Da tenere poi in considerazione che la probabilità di infortuni traumatici è piuttosto elevata; alcuni di questi (come la classica distorsione alla caviglia), se gravi, possono non essere totalmente reversibili. Quindi non liquidate la faccenda con un semplicistico “tanto a me non capiterà mai”.
Ecomaratona e interesse naturalistico
Amo moltissimo la natura, ma non farei mai un’ecomaratona. Perché, a parte i rischi salutistici di cui sopra, chi si vuole godere la natura non fa corse (gare) di ecotrail, ma si limita a camminare. Correre per godersi la natura è innaturale, sono due comportamenti in controtendenza.
Passo intere giornate in campagna con il mio cane e mi godo la natura proprio perché ho il tempo di farlo, non voglio arrivare in fretta qua o là. Se vedo volare un uccello migratore, non scappo via di corsa, ma mi fermo a osservarne il volo e cerco di capire che specie è: questo è amore per la natura. Tre anni fa mi è capitato di trovare su un sentiero un rarissimo mazzo di viole sbocciate alla fine di gennaio!

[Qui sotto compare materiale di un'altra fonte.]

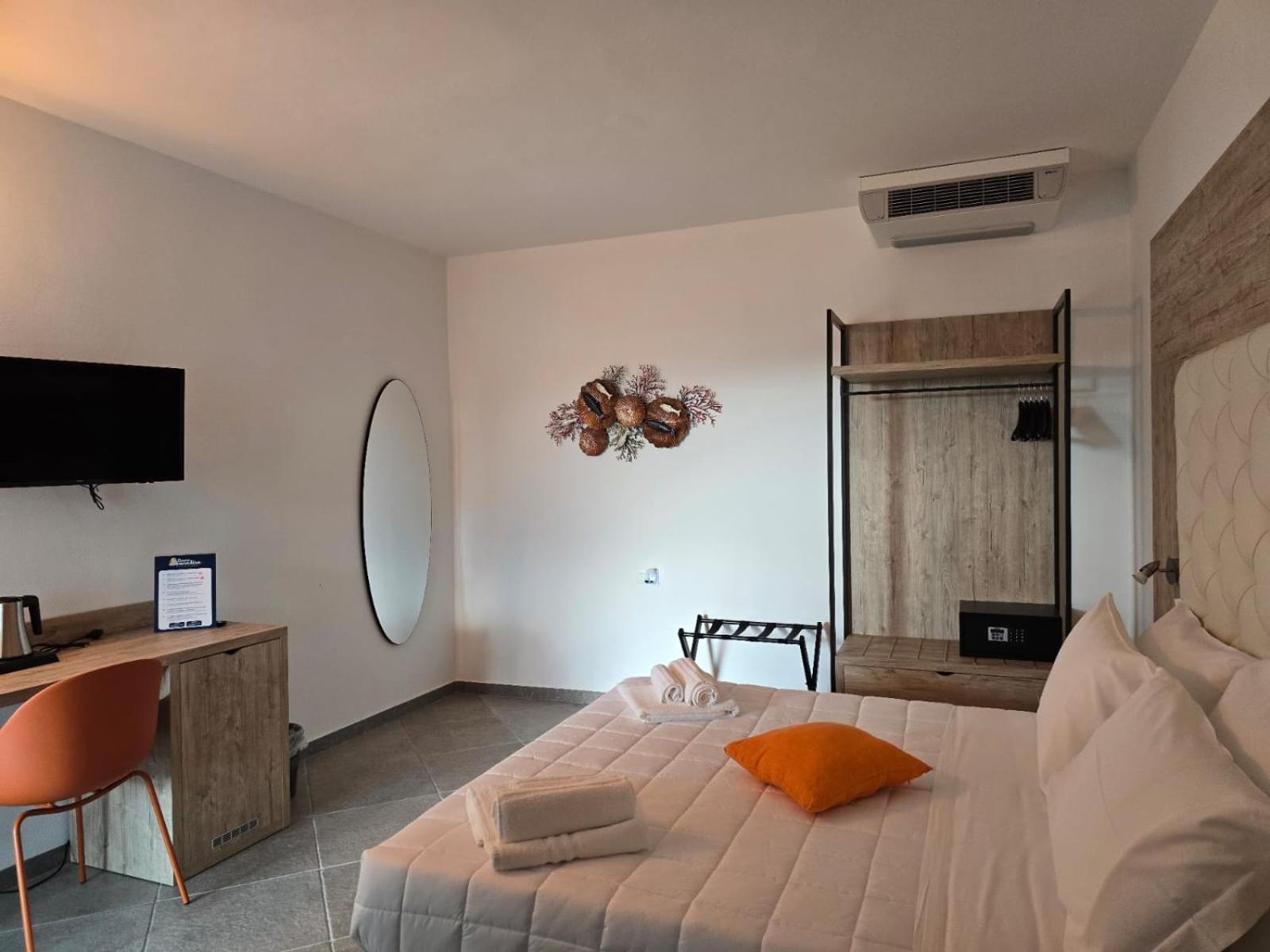 Domo Annalisa Hotell Tortolì Exteriör bild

Dubito che lo avrei notato, se fossi stato di corsa.
Penso che per molti il fascino di queste competizioni consista nel ritornare a un mondo naturale (a volte selvaggio), un mondo che spesso rinnegano con i comportamenti di tutti i giorni, comportamenti che non si possono certo dire ispirati al migliore ecologismo.
Devo essere sincero: l’amore estetico che molti runner che si danno all’ecotrail mostrano per la natura lo trovo molto superficiale, da cittadini. Una visione veloce di chi non ha tempo per fermarsi e apprezzare veramente.
Che poi si possa correre in mezzo alla natura è un altro discorso, ma non è il caso di organizzare manifestazioni. Io mi alleno tutti i giorni in campagna, la “mia” campagna; è come abitarci. Se però volessi godermi una natura che non conosco, non correrei, camminerei, come faccio quando vado a Livigno, accompagnato da amici su sentieri stupendi per un’intera giornata.

Una delle ecomaratone italiane più famose è l’Ecomaratona del Chianti
La psicologia dell’ecomaratoneta
Stupisce il fatto che molti runner corrano l’ecomaratona senza un reale interesse naturalistico; alcuni lo fanno come ulteriore sfida (correre in un bosco può far pensare a un’avventura alla Rambo) cercando in percorsi nostrani il fascino che possono dare prove come le maratone nel deserto. Ma sono pochi. Altri hanno uno spirito decisamente (e giustamente) competitivo, correndo la prova per vincerla o arrivare nelle prime posizioni. Ma anche questa categoria è poco numerosa. Esiste invece un’ampia classe di atleti che corre l’ecomaratona per non avere la pressione psicologica della maratona. Infatti, una volta raggiunto il loro top, molti maratoneti preferiscono non confrontarsi più con il declino delle loro prestazioni e, con l’atteggiamento tipico delle non competitive, passano alle ecomaratone, dove il tempo finale, appesantito dal percorso, può essere interpretato ottimisticamente come si vuole. Con il tempo, questo atteggiamento fa scadere inesorabilmente il valore atletico e la carica agonistica del soggetto che ritorna semplicemente a partecipare, anziché a buttare il cuore oltre il traguardo.